For fifteen years I coached high school wrestling while working as a Senior Business Analyst for three different management consulting firms, analyzing more than 700 small businesses in that time. The combination of working with moldable, eager and energetic high school kids and then analyzing adult performance in the workplace was an incredible learning experience. Last night I went to a high school football game. By the end of the night it was 38 degrees with winds gusting up to 25 miles per hour. Just two weeks ago, we were sitting at a football game in shorts and fighting off the mosquitos. That is Minnesota. The football game featured two teams with identical 1-4 records. As the line-ups were announced, my wife noticed that the opposing team had virtually all juniors and seniors playing, while our hometown team had a great deal of sophomores starting. As the night went on, and the elements became more of a factor, you could see the urgency and immediacy of the game coming through in the team made up of juniors and seniors. Psychologically sophomores tend to believe that there is a lot of time left in their career and this is just one game. Seniors hear the clock ticking and feel the need to make the most of the opportunity that is in front of them. The game was a virtual tie until the end of the third quarter, with each team having scored two touchdowns at that point. The opposing team, the one with mostly juniors and seniors, pulled away at the end as our hometown team faded. Coincidence?

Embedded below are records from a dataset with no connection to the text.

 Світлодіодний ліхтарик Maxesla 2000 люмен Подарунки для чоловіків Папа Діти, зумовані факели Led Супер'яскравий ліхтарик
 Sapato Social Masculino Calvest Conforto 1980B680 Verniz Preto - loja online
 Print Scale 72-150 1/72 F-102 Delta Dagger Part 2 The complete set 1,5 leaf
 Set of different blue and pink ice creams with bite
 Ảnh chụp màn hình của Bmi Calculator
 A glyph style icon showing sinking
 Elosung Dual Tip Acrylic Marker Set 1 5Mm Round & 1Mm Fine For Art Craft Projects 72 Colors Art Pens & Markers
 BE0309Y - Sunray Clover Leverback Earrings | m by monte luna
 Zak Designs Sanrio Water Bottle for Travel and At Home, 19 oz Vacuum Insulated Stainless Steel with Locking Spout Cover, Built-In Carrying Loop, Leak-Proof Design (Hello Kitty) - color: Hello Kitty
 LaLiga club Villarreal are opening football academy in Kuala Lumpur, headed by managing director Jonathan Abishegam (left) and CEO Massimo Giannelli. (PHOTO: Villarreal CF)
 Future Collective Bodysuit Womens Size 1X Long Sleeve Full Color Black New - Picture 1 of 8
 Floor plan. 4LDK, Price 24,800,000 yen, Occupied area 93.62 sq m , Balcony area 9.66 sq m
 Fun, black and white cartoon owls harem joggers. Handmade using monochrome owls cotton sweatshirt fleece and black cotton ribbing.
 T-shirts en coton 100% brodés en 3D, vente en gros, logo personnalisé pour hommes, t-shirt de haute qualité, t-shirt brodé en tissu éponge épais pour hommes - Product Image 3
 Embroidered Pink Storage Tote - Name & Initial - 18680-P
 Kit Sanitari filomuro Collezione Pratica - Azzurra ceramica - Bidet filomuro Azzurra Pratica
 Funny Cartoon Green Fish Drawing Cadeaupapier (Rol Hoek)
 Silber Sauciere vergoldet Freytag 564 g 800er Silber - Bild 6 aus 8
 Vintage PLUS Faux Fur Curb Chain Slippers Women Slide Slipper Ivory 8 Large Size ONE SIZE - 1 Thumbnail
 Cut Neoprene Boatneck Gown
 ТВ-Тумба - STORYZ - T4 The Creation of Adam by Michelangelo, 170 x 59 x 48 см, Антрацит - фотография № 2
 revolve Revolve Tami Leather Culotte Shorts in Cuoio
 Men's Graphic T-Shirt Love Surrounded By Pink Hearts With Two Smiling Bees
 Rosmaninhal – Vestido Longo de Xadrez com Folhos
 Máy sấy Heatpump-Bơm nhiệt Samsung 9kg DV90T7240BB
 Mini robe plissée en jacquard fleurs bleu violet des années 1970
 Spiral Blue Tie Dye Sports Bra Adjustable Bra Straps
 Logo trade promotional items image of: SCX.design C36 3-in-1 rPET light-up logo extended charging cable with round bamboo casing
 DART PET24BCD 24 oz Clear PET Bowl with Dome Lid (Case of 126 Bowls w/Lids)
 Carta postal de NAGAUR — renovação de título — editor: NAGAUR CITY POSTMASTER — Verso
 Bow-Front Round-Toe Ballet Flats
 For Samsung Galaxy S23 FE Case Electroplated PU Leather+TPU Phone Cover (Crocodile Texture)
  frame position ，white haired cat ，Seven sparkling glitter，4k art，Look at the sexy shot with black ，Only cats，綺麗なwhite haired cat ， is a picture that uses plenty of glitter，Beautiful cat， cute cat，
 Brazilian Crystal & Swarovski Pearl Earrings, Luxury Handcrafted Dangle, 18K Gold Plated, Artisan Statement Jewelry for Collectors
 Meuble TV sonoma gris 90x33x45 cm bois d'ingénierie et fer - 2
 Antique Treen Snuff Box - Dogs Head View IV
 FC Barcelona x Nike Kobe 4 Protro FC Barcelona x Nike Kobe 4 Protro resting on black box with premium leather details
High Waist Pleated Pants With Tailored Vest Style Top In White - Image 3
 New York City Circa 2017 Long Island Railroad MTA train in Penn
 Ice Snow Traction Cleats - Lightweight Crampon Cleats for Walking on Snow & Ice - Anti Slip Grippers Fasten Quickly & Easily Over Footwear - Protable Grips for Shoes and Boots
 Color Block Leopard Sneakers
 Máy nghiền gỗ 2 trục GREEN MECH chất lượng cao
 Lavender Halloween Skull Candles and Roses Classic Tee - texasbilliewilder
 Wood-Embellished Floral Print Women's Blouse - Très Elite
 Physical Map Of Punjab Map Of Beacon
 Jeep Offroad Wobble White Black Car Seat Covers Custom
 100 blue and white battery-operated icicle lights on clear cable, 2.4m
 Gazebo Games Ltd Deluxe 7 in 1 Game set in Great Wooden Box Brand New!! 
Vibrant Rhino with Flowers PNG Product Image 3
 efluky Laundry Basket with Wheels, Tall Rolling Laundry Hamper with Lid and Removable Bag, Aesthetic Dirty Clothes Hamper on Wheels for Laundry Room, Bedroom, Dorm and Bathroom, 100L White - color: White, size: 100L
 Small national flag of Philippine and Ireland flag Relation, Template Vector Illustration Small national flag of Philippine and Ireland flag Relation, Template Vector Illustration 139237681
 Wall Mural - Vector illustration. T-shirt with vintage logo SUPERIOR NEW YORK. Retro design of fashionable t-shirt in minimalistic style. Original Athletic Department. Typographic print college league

The dynamic of urgency is one that is incorporated into every aspect of the Legacy Alpha program, including our unique employee incentive programs. Becoming a student of your own performance is half of the battle. Having the ability to be honest with yourself as to what you learn when you take a discerning look at your business is the other half. Having a 27 year perspective on the sports teams of our hometown, I have noticed that there is always talk of the class or the group that is coming up. "Look how good we are going to be" is the mantra. Those teams never seem to achieve the success when they get their shot, but there is always a class coming behind them that will be "the class". Lesson: if you can't perform with the team you have, it is unlikely that you will achieve success with the team you wish you had, or may have in the future.
In business, it very easy to wish for the past or look to the future, but the bottom line of today will be enhanced by leveraging the tools and people you have to work with today. Are you energizing every member of your team to do the best job possible today? If they are failing, is it their failure or the failure of management? Being a student of your business's performance starts by establishing benchmarks or a series of "should be's". Performance is relative and very specific to your situation. If you want the most out of your employees, they need to know what is expected of them, where they are in relation to those expectations and what's in it for them when they exceed those expectations. Notice I did not say "if they exceed those expectations". They always do when expected to and incented properly. When you put an ordinary employee into a structured, goal oriented environment, you will get extraordinary employees. If you are waiting for that "better employee" to come along, chances are they will never arrive. If you treat your current employees like they are the ones you have always waited for, chances are they won't disappoint you.